EX-99.1 2 a05-14897_1ex99d1.htm EX-99.1

Exhibit 99.1

 

PRESS RELEASE

 

First Community Bancorp

(NASDAQ: FCBP)

 

Contact:

Matthew P. Wagner

Victor R. Santoro

 

President and

Executive Vice President and

 

Chief Executive Officer

Chief Financial Officer

 

120 Wilshire Boulevard

120 Wilshire Boulevard

 

Santa Monica, CA 90401

Santa Monica, CA 90401

Phone:

310-458-1521 x 271

310-458-1521 x 288

Fax:

310-451-4555

310-451-4555

 

FOR IMMEDIATE RELEASE

 

AUGUST 15, 2005

 

FIRST COMMUNITY BANCORP ANNOUNCES COMPLETION OF

ACQUISITION OF FIRST AMERICAN BANK

 

Acquisition adds $239 million in assets and Four branches in Los Angeles County to First
Community’s Subsidiary Pacific Western National Bank —

 

Rancho Santa Fe, California . . . First Community Bancorp (Nasdaq: FCBP) today announced that on Friday, August 12, 2005, it completed its previously announced acquisition of First American Bank, a $238.6 million-asset bank based in Rosemead, California.  With the completion of this acquisition, First American merged into Pacific Western National Bank, a wholly-owned subsidiary of First Community Bancorp, adding its four branches to the Pacific Western branch network.  The integration of First American’s systems and the conversion of First American’s branches to Pacific Western’s operating platform is scheduled to be completed in mid-September 2005.

 

First Community paid First American shareholders $24.95 in cash per share of First American Bank common stock and paid approximately $62.3 million for all of the outstanding options and shares of common stock of First American.

 

On a pro forma consolidated basis with First American as of June 30, 2005, First Community has assets of approximately $3.1 billion, and Pacific Western has assets of approximately $1.8  billion, total deposits of over $1.5 billion and 26 branches across Los Angeles, Orange, Riverside and San Bernardino Counties.

 

On June 9, 2005, First Community announced that it had entered into a definitive agreement to acquire all of the outstanding common stock and options of Pacific Liberty Bank in exchange for First Community common stock, along with cash to existing Pacific Liberty Bank option holders.  Pacific Liberty had $151.0 million in assets at June 30, 2005, and two branches located in Huntington Beach, California.
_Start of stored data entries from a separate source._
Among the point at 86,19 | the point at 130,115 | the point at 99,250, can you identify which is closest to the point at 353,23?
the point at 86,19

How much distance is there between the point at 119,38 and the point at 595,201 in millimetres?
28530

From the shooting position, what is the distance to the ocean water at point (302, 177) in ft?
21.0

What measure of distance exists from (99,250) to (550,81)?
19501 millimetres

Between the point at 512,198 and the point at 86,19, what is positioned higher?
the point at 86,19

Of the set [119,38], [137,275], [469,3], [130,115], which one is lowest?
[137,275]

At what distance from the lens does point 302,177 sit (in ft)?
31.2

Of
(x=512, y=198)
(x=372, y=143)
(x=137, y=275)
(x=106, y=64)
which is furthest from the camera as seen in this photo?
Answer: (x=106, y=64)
The acquisition of Pacific

 



 

Liberty is subject to regulatory approval and the approval of Pacific Liberty shareholders, and is currently expected to close early in the fourth quarter of 2005.  Upon completion of the acquisition, Pacific Liberty will be merged into Pacific Western Bank.

 

ABOUT FIRST COMMUNITY BANCORP

 

First Community Bancorp is a bank holding company with $2.8 billion in assets as of June 30, 2005, with two wholly-owned banking subsidiaries, Pacific Western National Bank and First National Bank.  Through the banks’ 39 full-service community banking branches (which includes branches acquired through the First American acquisition), First Community provides commercial banking services, including real estate, construction and commercial loans, to small and medium-sized businesses.  Pacific Western has 26 branches throughout Los Angeles, Orange, Riverside and San Bernardino Counties and First National Bank has 13 branches across San Diego County.  Through its subsidiary First Community Financial, First National provides working capital financing to growing companies located throughout the Southwest, primarily in the states of Arizona, California and Texas.   Additional information regarding First Community Bancorp is available on the Internet at www.firstcommunitybancorp.com.  Information regarding Pacific Western National Bank and First National Bank is also available on the Internet at www.pacificwesternbank.com and www.banksandiego.com, respectively.

 

This press release does not constitute an offer to sell securities or a solicitation of an offer to buy and does not constitute solicitation material in respect of the proposed acquisition of Pacific Liberty Bank.  In connection with the proposed Pacific Liberty transaction, First Community intends to file with the Securities and Exchange Commission (the “SEC”) a registration statement on Form S-4 that will include a proxy statement-prospectus to be mailed to stockholders of Pacific Liberty and other relevant documents in connection with the proposed transaction.  Shareholders of Pacific Liberty are urged to read the proxy statement-prospectus and any other relevant documents filed with the SEC because they will contain important information about First Community, Pacific Liberty and the proposed Pacific Liberty transaction.  The final proxy statement-prospectus will be mailed to shareholders of Pacific Liberty.